SARAH PALIN, ONE LAST TIME

Everything that can be said about Sarah Palin has been said. To be sure, as with Sleepless in Seattle or Casablanca, Palin afficianados can replay the best bits endlessly, mouthing her awful dialogue like lip-synching pop fans. But there is something important to be said about the commentary on, and reaction to, the Palin debacle -- something that has been gotten totally wrong by almost all of the commentators.

The standard line on Palin is that she represents, and hence speaks to and for, working-class Americans, non-elite Americans, high school graduate Americans, Americans who do not inhabit the coasts or go to toney private schools. And this, I cannot suggest too strongly, is a blood libel on those very men and women.

The truth, as everyone knows, even though many think they are not allowed to say, is that Sarah Palin is an ignorant and stupid woman. I know, I know, commentators right, center, and left keep saying that although she is not "ready" for national office, nevertheless she is a bright and talented person. Now, I spent fifty years -- a half century -- as a university teacher. I got very good indeed at evaluating the written and spoken productions of the thousands of students who passed through my classes. I can tell ignorance when I see it, and I can tell stupidity when I see it. I can spot confusion of thought a mile away. I can tell the difference between a prepared and vetted [or, as we say in the Academy, plagiarized] piece of writing and a piece of writing that is the genuine product of the student himself or herself. Sarah Palin is just plain dumb. To say that she has foreign policy experience because you can see Russia from Alaska is not just asinine [and, for the most part false, of course]. It is dumb.
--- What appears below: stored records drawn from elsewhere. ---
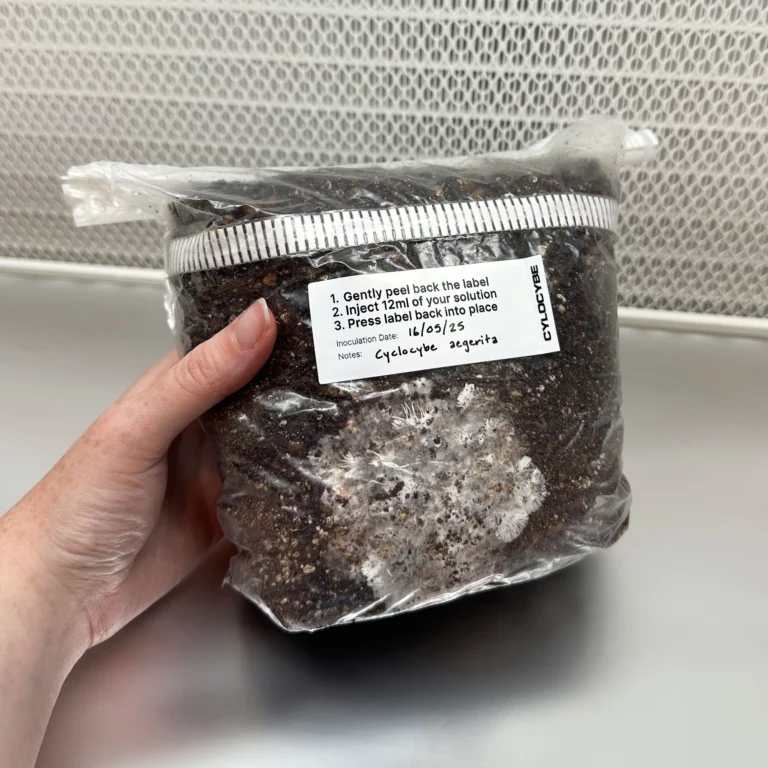Healthy white mycelium colonising Substrate A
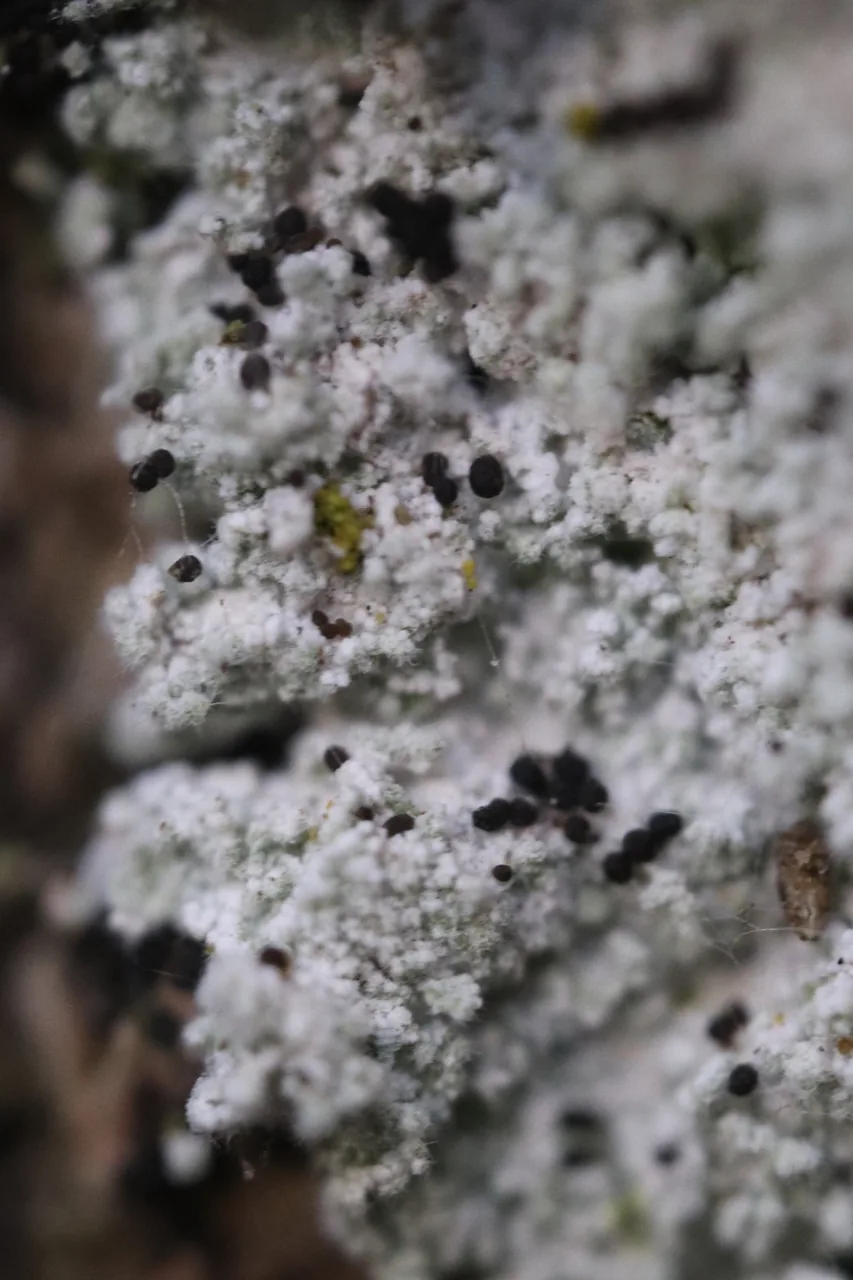 Lepraria rigidula (Lepraria rigidula) — photo mycologique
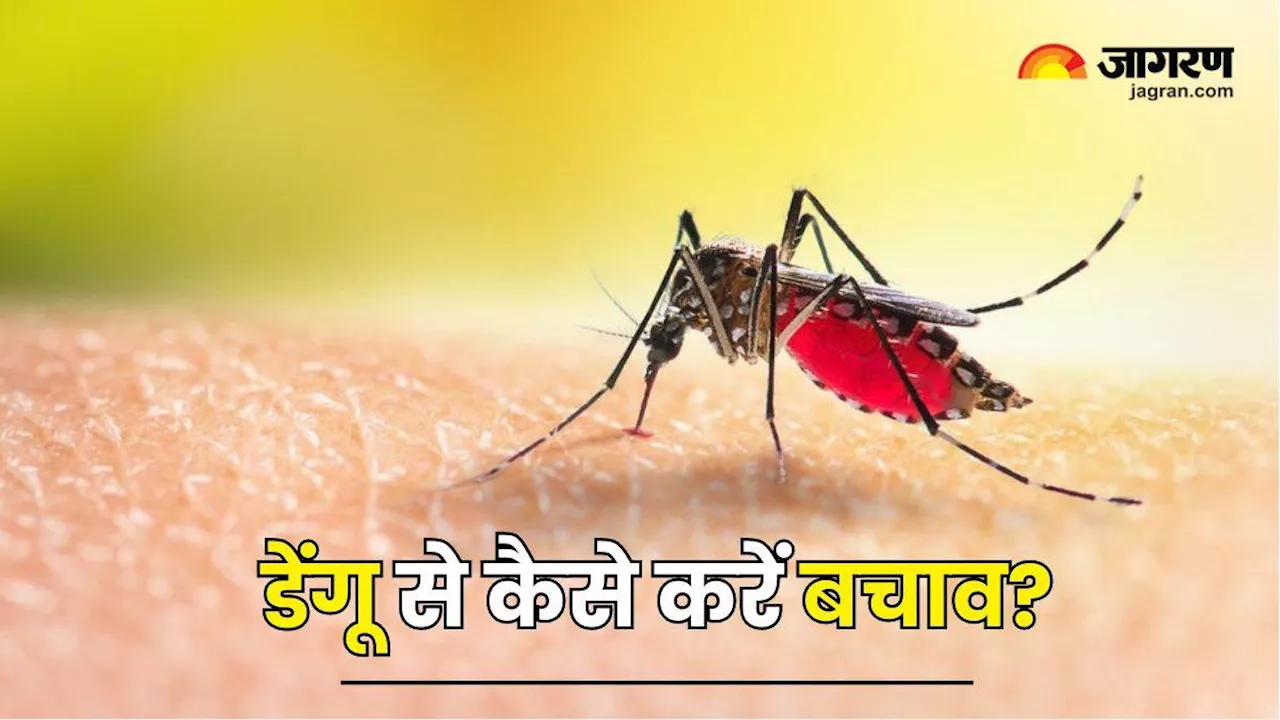 World Dengue Day 2024: घातक हो सकता है डेंगू का वार, एक्सपर्ट के बताए इन तरीकों से करें खुद का बचाव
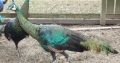 Peacocks and Peahens Pairs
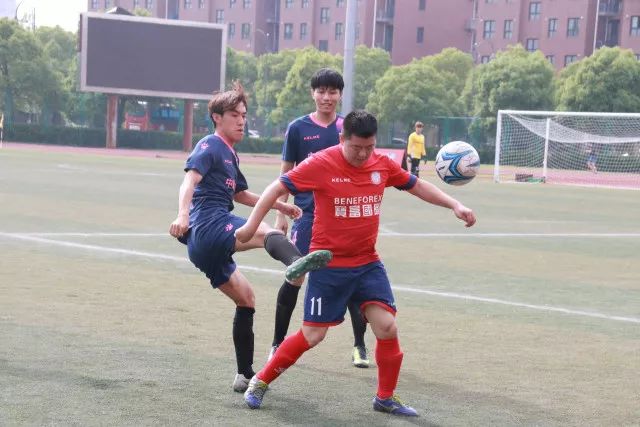 法布雷加斯谈执教与战术理念：重视信念与自由空间
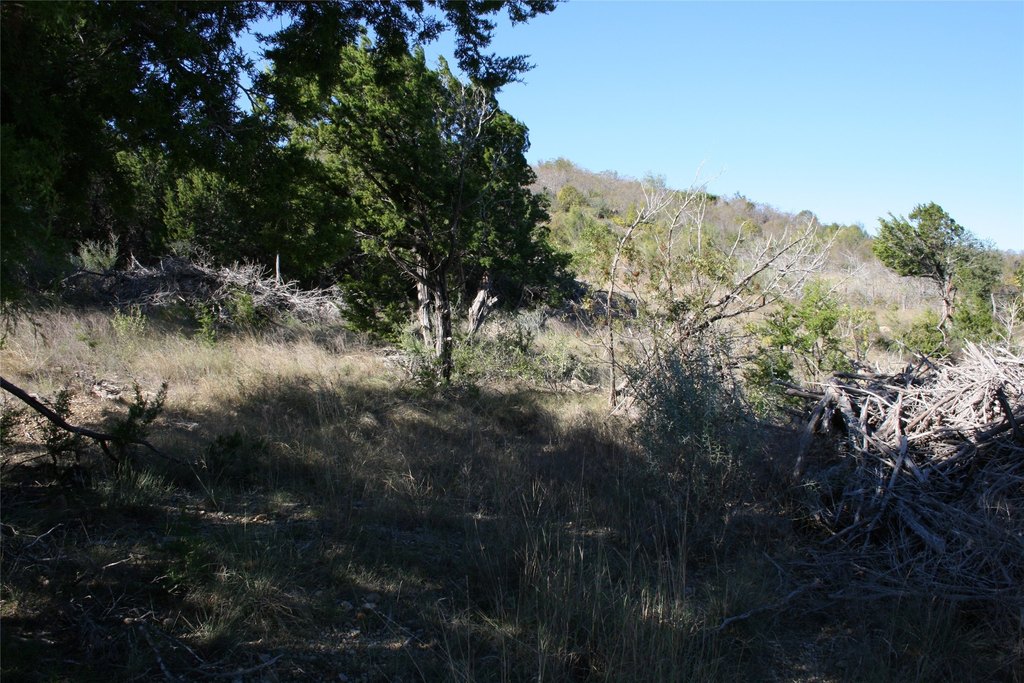 Picture 10
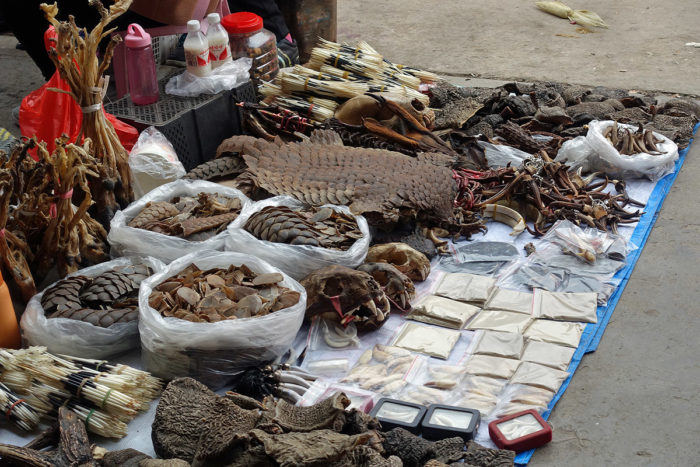 Dried parts from a variety of animals, including critically endangered species such as pangolin, are carefully arranged by a Mongla vendor. (Photos: Naomi Hellmann)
Not to be able to say which newspapers you read is not just a sign of stage fright or hostility to the elite media. It is plain stupid.
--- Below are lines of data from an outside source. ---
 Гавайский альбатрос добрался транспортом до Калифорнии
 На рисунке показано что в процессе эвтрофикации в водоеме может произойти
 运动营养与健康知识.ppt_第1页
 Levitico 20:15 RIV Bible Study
The fact that Sarah Palin is ignorant and stupid is not important [nor does it disqualify her for higher office, as the history of the United States demonstrates.] But it IS important to say, loudly and clearly, that intelligence and political understanding are as widespread among working class men and women as among men and women who have middle class jobs. Shirts as well as suits can put ideas together, spot hypocrisy, identify and articulate their interests, and form intelligent judgments about public affairs. Those with college educations are frequently smoother and more stylish in the expression of their opinions, but they are NOT by and large more intelligant in the formation of those opinions. What evidence have I for this assertion? Consider: working class Americans are more likely to vote for the Democratic than for the Republican party, and that tendency is not only an objectively accurate reflection of their real interests; it is also a simple but reliable sign of their superior intelligence.

There was a time, now for the most part gone, when socialist organizers arranged and taught sophisticated classes about economics and politics to working men and women who, despite putting in long and hard hours in factories and on farms, nevertheless spent their evenings studying. To be sure, what they learned was somewhat different from what was being taught in college classrooms, but it was deeper, closer to the truth, and just as intellectually demanding. That is how my grandfather learned what he knew about Karl Marx and socialism, and it is what people like my good friend, Enver Motala, were doing in South African townships only twenty years ago.

The appalling condescension of the media commentators who repeat this libel is evidence both of their ignorance and of their thoughtlessness. One must never forget that all of them, left, right, and center, spend their lives in upper middle class comfort, surrounded by people who echo the comforting falsehood that their wealth and education make them wiser than the unwashed multitudes to whom they deign to offer their opinions.